_Task brief_:
As an exercise in exact copying, transcribe the lines below from the one holding "Shepherd Evelina. Is" through the last, with both ends included and pictures left out.

_Records supplied_:

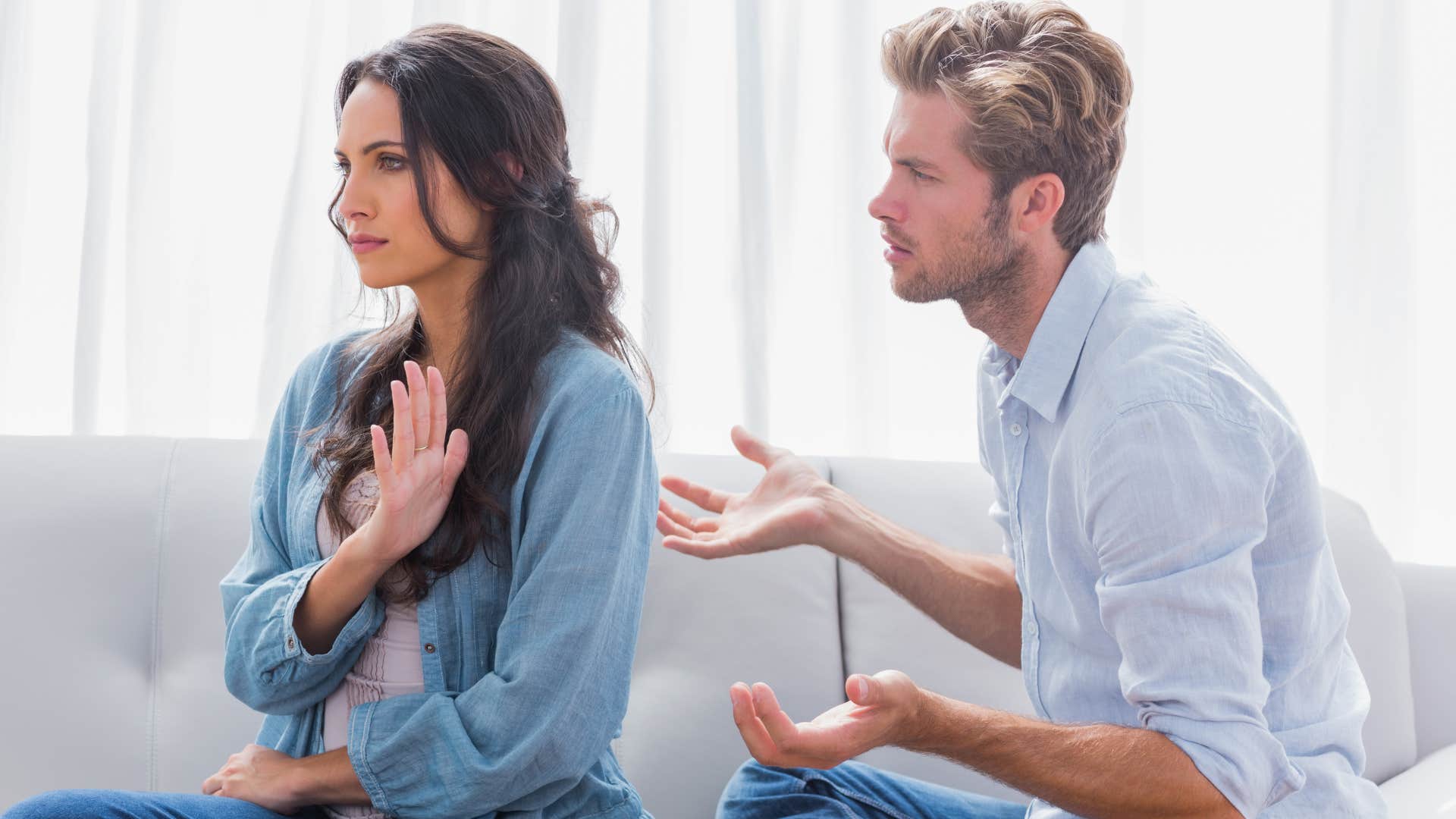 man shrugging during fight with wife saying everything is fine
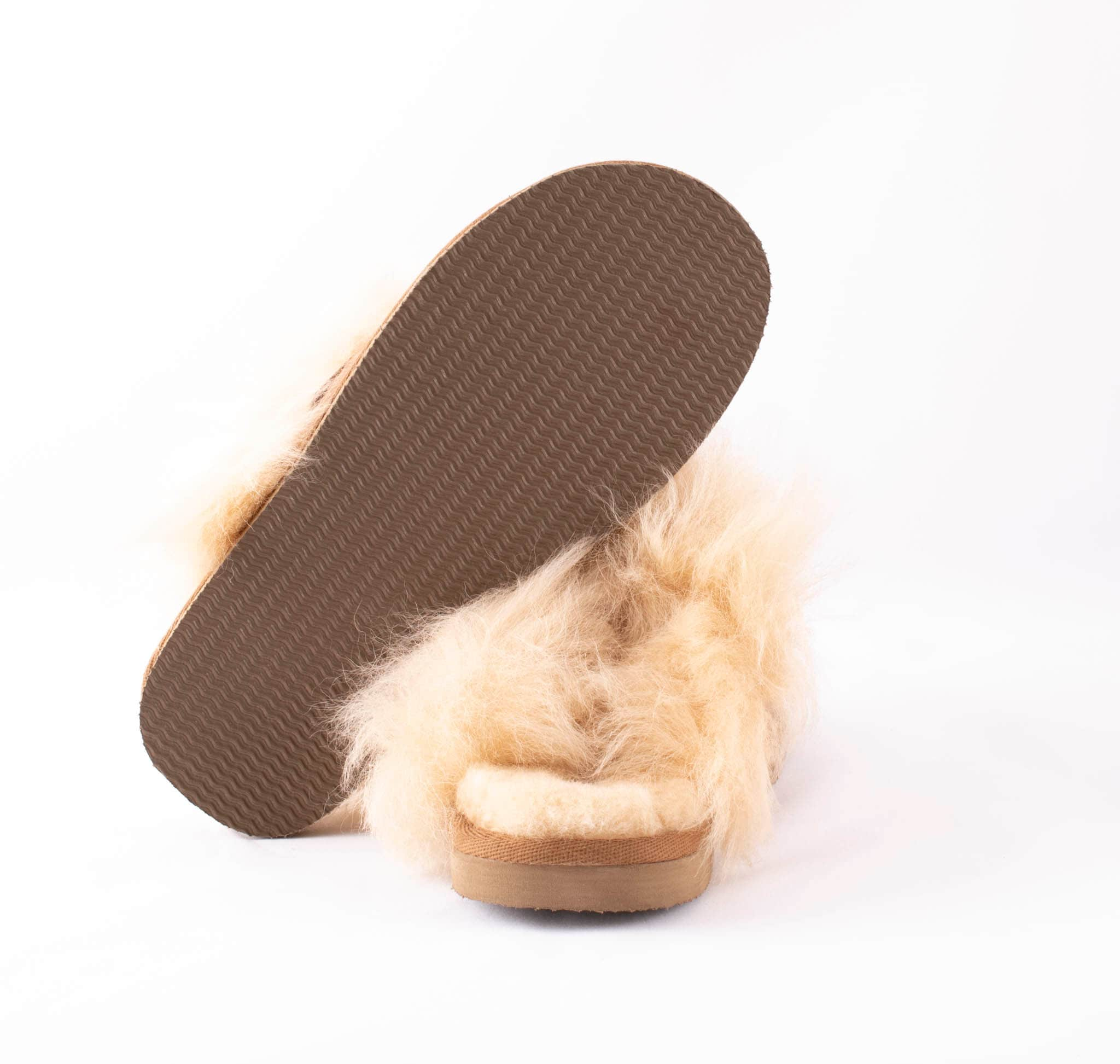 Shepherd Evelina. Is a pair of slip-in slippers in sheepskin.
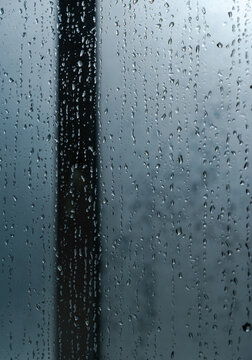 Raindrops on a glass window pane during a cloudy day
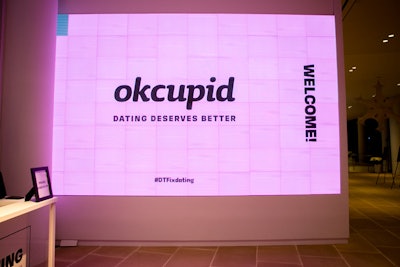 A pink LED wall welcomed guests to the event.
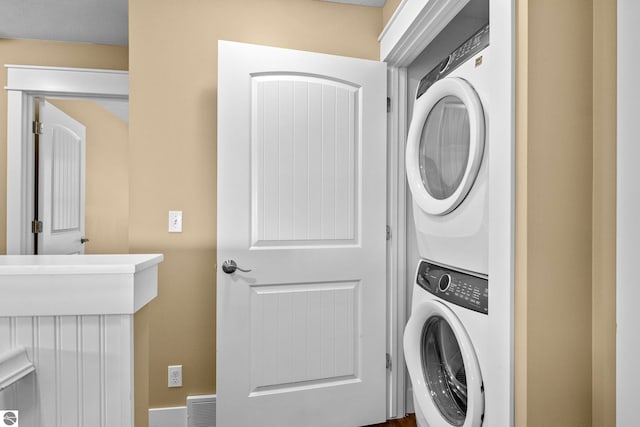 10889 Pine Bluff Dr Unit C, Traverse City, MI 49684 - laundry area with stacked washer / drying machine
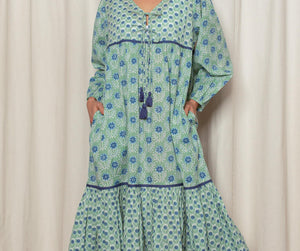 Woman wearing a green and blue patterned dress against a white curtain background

_Expected answer_:
 Shepherd Evelina. Is a pair of slip-in slippers in sheepskin.
 Raindrops on a glass window pane during a cloudy day
 A pink LED wall welcomed guests to the event.
 10889 Pine Bluff Dr Unit C, Traverse City, MI 49684 - laundry area with stacked washer / drying machine
 Woman wearing a green and blue patterned dress against a white curtain background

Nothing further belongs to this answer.